* [What is needed] Copy nothing past the line containing "Shorts vaqueros desgastados mujer". Transcribe every line of the listing below up to and including it, from the first, except pictures.

* [Stored data]
* * *

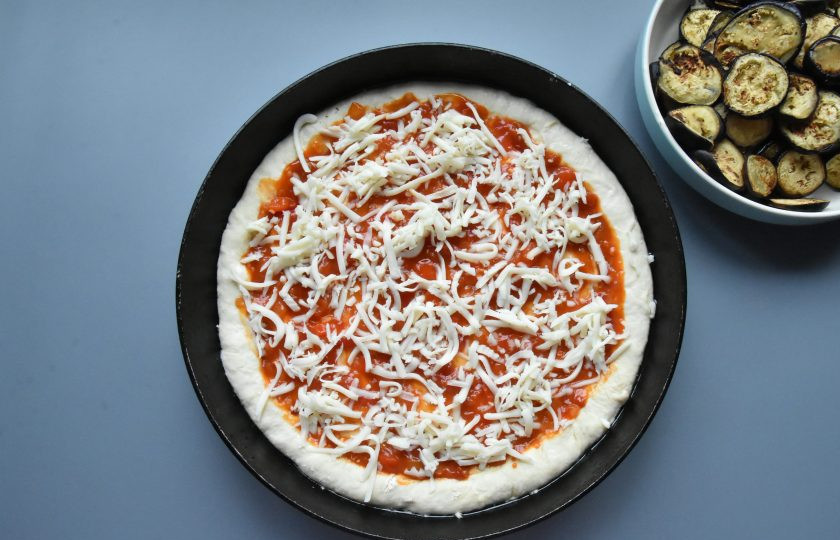 1. Этап. Пицца Меланзанья: Баклажаны обжарьте в сухой сковороде или на гриле. По желанию можно слегка смазать сковороду растительным маслом, но совсем немного. Распределите по поверхности теста томатный соус. Сверху разложите натертую на терке или порванную на кусочки моцареллу.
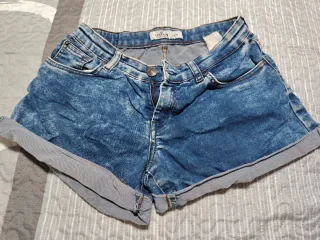 Shorts vaqueros desgastados mujer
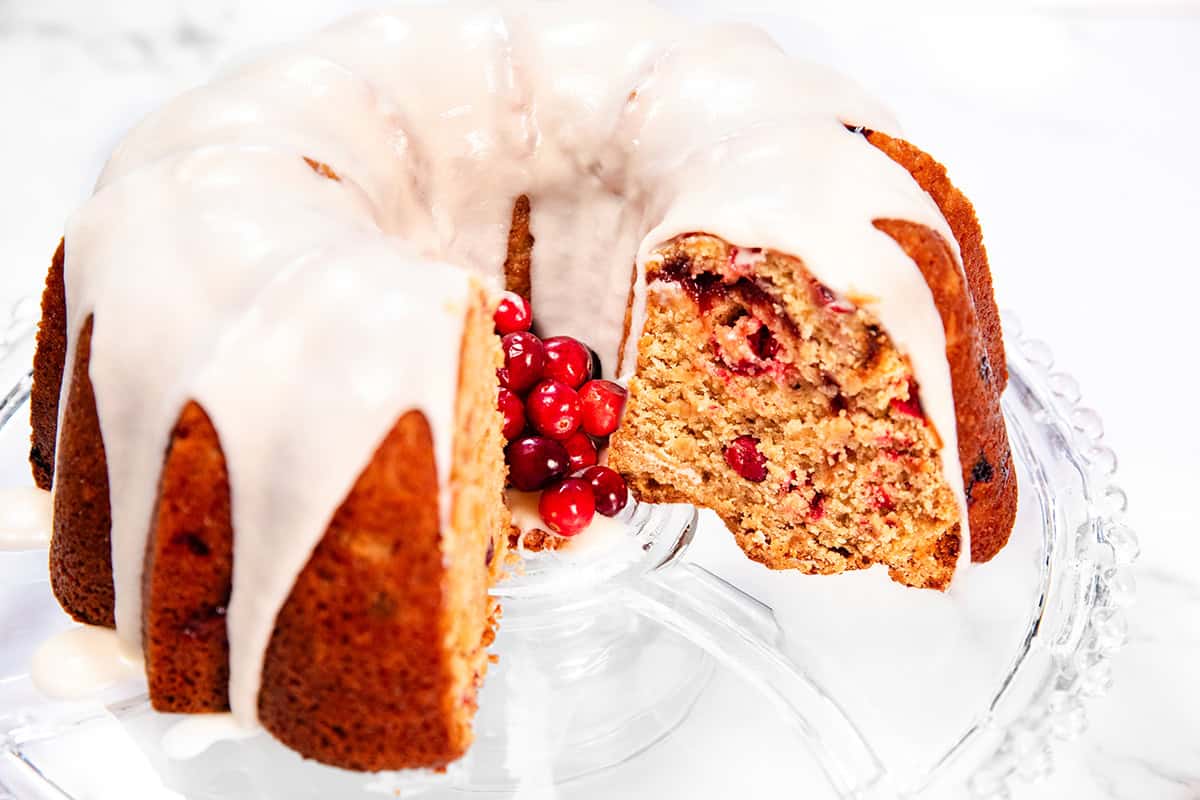 A Cranberry Christmas Bundt cake with a slice removed is displayed on a glass stand. The cake, topped with white icing, reveals a texture speckled with red berries inside. A cluster of fresh red berries elegantly decorates the center.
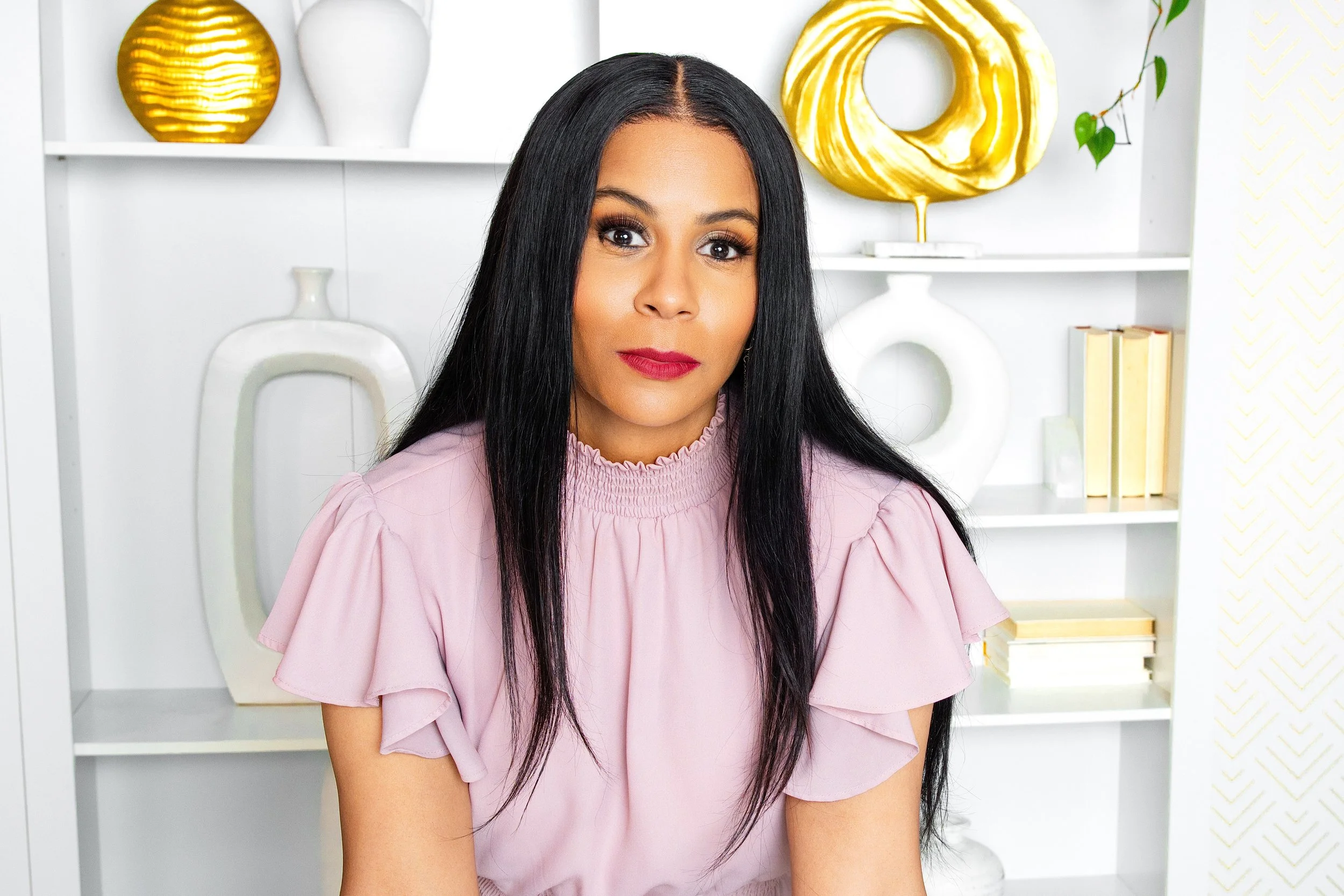 A woman with long black hair, wearing a pink ruffled blouse, sitting in front of a white bookshelf with decorative items, including gold and white vases and a stack of books.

* * *

* [Solution for this task]
 1. Этап. Пицца Меланзанья: Баклажаны обжарьте в сухой сковороде или на гриле. По желанию можно слегка смазать сковороду растительным маслом, но совсем немного. Распределите по поверхности теста томатный соус. Сверху разложите натертую на терке или порванную на кусочки моцареллу.
 Shorts vaqueros desgastados mujer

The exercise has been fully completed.